For aging punk-rock DJ Amy Marlowe (Caroline Williams), the hits just keep on coming. First, her lecherous boss (William Youmans) is forcing her out of “Ten Minutes to Midnight”—the edgy rock ’n’ advice radio show she’s hosted for 30 years—with a precocious young upstart named Sienna (Nicole Kang) hot on her heels. She’s got a bat bite on her neck that looks suspiciously Stoker-ish and is necrotizing fast. A hurricane has the whole fractious gang sheltering in place, and solar flares on top of it all just seems like some crazy cosmic joke. Are those visions of the past and scrambled present realities merely hallucinations brought on by Amy’s attempts to rage, rage, rage (and broadcast, broadcast, broadcast) against the dying of the light? Or has her righteous fury and a vampiric bite converged to open a hellmouth under WLST? Whatever the case, teeth will gnash, blood will flow, psyches and bodies alike will be tested in extreme ways and your conception of the invisible scaffolding giving form and purpose to human existence will, like the characters’, be shaken to its very foundations.

As Sienna might say, NBD.

On a surface level, TEN MINUTES TO MIDNIGHT is a very different film form LONG LOST. The latter was much closer to one of those delightful slow-burning 1980s TWILIGHT ZONE episodes than the fangs-and-viscera approach here. Dig a little deeper, however, and MIDNIGHT shares a searching spirit, an adventurousness, an understanding that fun, fantastical storytelling can help us pull back the veil a bit more on the human condition and our ongoing—if halting—evolution. Kudos to Bloomquist and his co-scripter/brother Carson for going to the edge—and then taking two steps further. The fantastic cast here plays a major role in actualizing that vision: Williams—returning to the cinematic radio booth for the first time since her turn as DJ Vanita “Stretch” Brock in THE TEXAS CHAINSAW MASSACRE 2 (1986)—gives perhaps the best performance of her long and storied genre career, imbuing Marlowe with real authenticity and pathos. She is by turns vulnerable and terrifying, inspiring and brutal. Kang really could not be better as a Millennial who has mastered the art of exuding pure sweetness while twisting the knife—and when she goes sinister, she goes 100 believable sinister. Youmans is appropriately sleazy and LONG LOST stars Adam Weppler and the late, great Nicholas Tucci (YOU’RE NEXT, MOST BEAUTIFUL ISLAND) are on board with memorable and entertaining turns as a producer and security guard, respectively.

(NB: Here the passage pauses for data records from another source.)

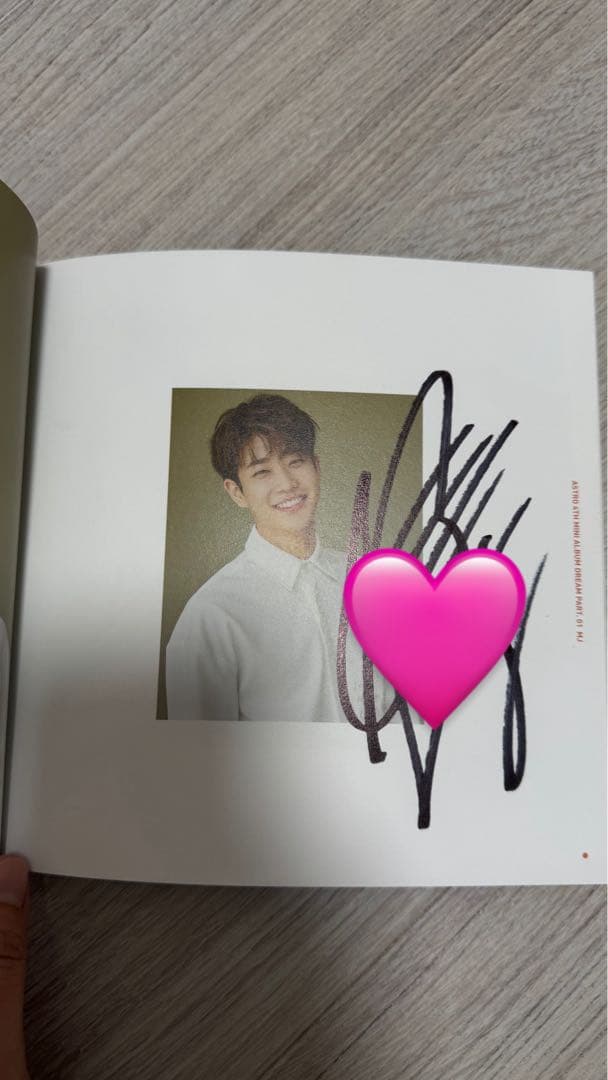 ASTRO ウヌ　ムンビン　MJ 直筆サイン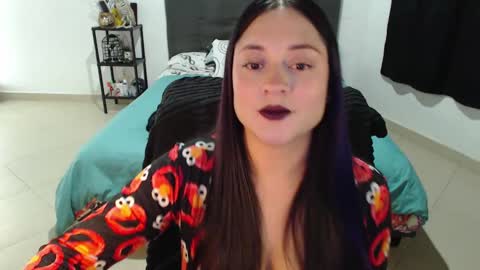 mia online show from 2, 12, 2024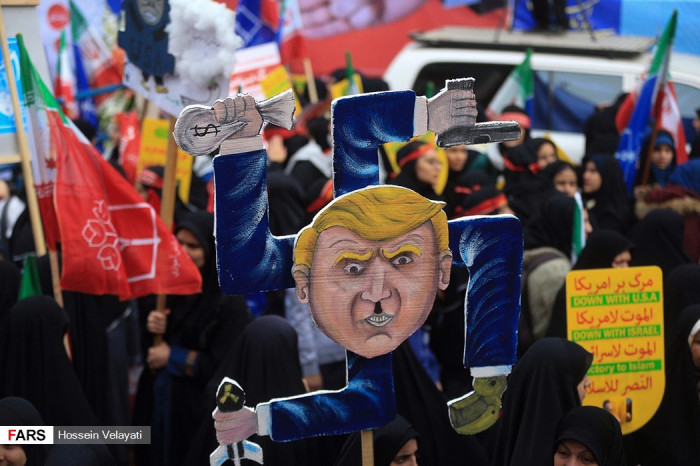 سیزده آبان روز فرو ریختن هیمنه سلطه آمریکا و استکبار جهانی است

Audacious and thought-provoking, TEN MINUTES TO MIDNIGHT feels a bit like accidentally tuning into the future of indie horror cinema. If this is the standard the Bloomquist brothers hope to set, may they and their company of collaborators continue to beam their electromagnetic radiation at our collective hypothalamus antennae for a long, long time to come. Lord knows, we could use smarter stimulation.